August 29, 2017 by Leslie Madsen

A still from a video in which white supremacists march with tiki torches. Closed caption reads "Jews will not replace us!"
Still image from the Vice News/HBO episode “Charlottesville: Race and Terror.”

The “Unite the Right” rally in Charlottesville, Virginia on August 12, as well as the torchlit march the evening before the rally, revealed what some might call the ugly underbelly of American culture—and what others deem its very foundation: a commitment to white supremacy and the exclusion, suppression, and hatred of others. Worse, by commenting that there was “violence on many sides” and that there were “very fine people on both sides,” the president of the United States suggested that the violence that erupted in Charlottesville represents a minor eruption in an otherwise measured debate marked by moral equivalency.

There are those who maintain the “Unite the Right” rally’s genuine mission was to preserve a statue of Robert E. Lee. Evidence from the two days of the rally suggests otherwise:

 

 

Some people might suggest “big tent” multiculturalism requires tolerance of opposing viewpoints. And indeed it does—unless those viewpoints call for the elevation of one group of people above all others and the annihilation of specific groups its adherents deem inferior.

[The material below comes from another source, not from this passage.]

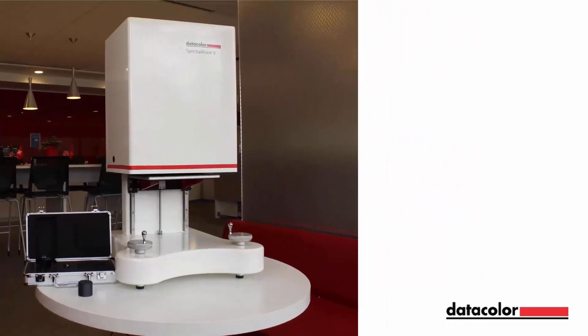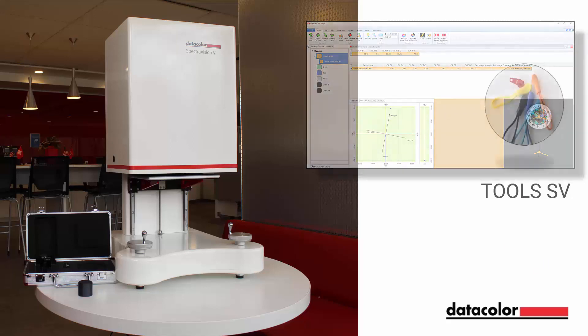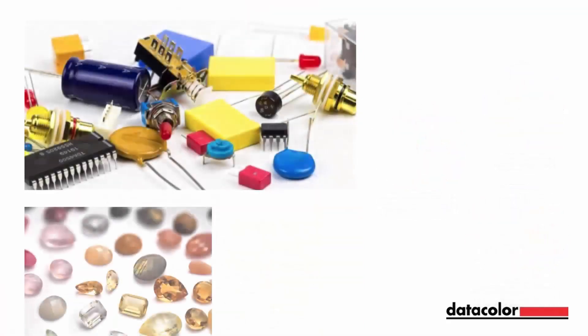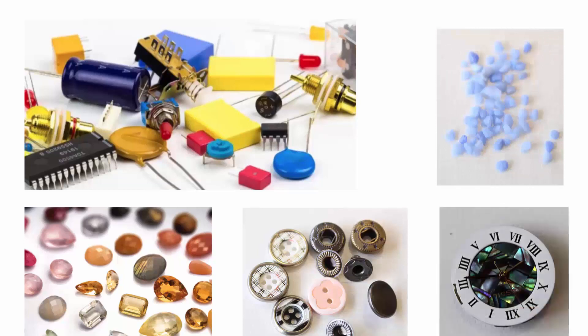This video illustrates the benefits of the new vertical spectrovision together with the companion Tools SV software in an evaluation of sample materials that are difficult to measure in a regular spectrophotometer or in the horizontal configuration of spectrovision. We will show how samples with irregular shapes, very small sizes, or aggregated pieces of similar colors can be measured using the new vertical instrument.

If you watch that Vice News/HBO video embedded above, you’ll see that violence and a failure to see others as human—near the end of the video, neo-Nazi Christopher Cantwell refers to the protesters “animals”—were intentional features of, rather than coincidental to, the “Unite the Right” rally. White men, as well as some women, came well-armed, looking to intimidate, maim, and kill.

Taking action at home and school

What can parents and teachers do in the face of such violence and threats of violence, which are sure to erupt again as we face, as former Vice President Joe Biden puts it, “a battle for the soul of this nation”?

There are many steps you can take. This piece I wrote six years ago remains relevant. The two most important steps, I believe, are the first and the last: make sure young people feel safe, and ask “what should we do to help?”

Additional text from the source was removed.